> **WHAT THE TASK REQUIRES**:
Search the material below for the word "фото". Copy every line that has it.

[Start of Attachment]

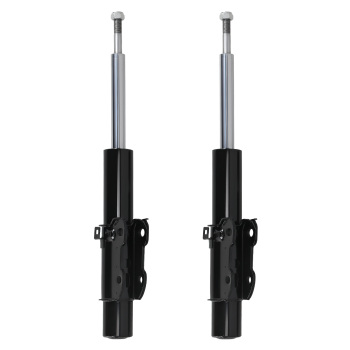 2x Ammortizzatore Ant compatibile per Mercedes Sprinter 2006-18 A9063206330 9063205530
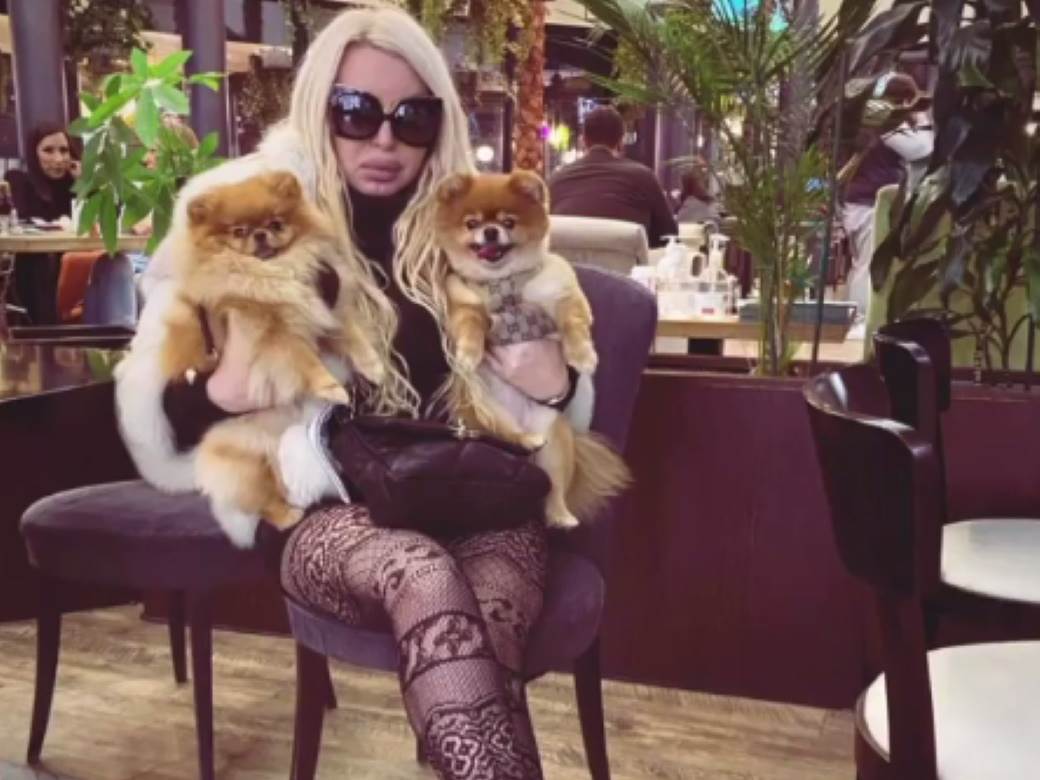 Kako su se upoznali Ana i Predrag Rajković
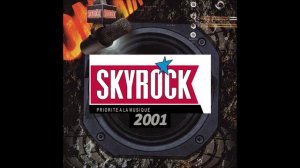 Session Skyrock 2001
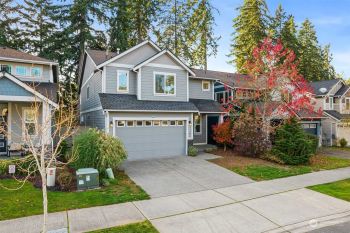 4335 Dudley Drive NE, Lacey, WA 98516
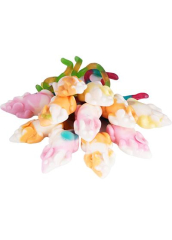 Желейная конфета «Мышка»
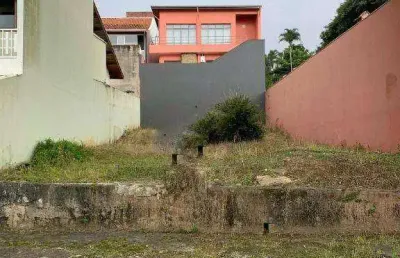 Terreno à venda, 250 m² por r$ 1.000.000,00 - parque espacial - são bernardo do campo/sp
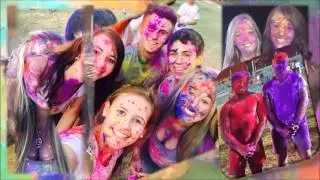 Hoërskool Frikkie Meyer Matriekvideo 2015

[End of Attachment]
[Start of Attachment]

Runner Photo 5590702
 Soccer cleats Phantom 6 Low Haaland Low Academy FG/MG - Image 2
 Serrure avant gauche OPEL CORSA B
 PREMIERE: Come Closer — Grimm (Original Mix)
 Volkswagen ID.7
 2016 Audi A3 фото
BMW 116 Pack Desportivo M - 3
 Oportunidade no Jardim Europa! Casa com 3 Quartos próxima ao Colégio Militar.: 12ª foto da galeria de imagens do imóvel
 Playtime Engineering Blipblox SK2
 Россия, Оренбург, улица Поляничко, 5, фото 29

[End of Attachment]

> **SOLUTION**:
 2016 Audi A3 фото
 Россия, Оренбург, улица Поляничко, 5, фото 29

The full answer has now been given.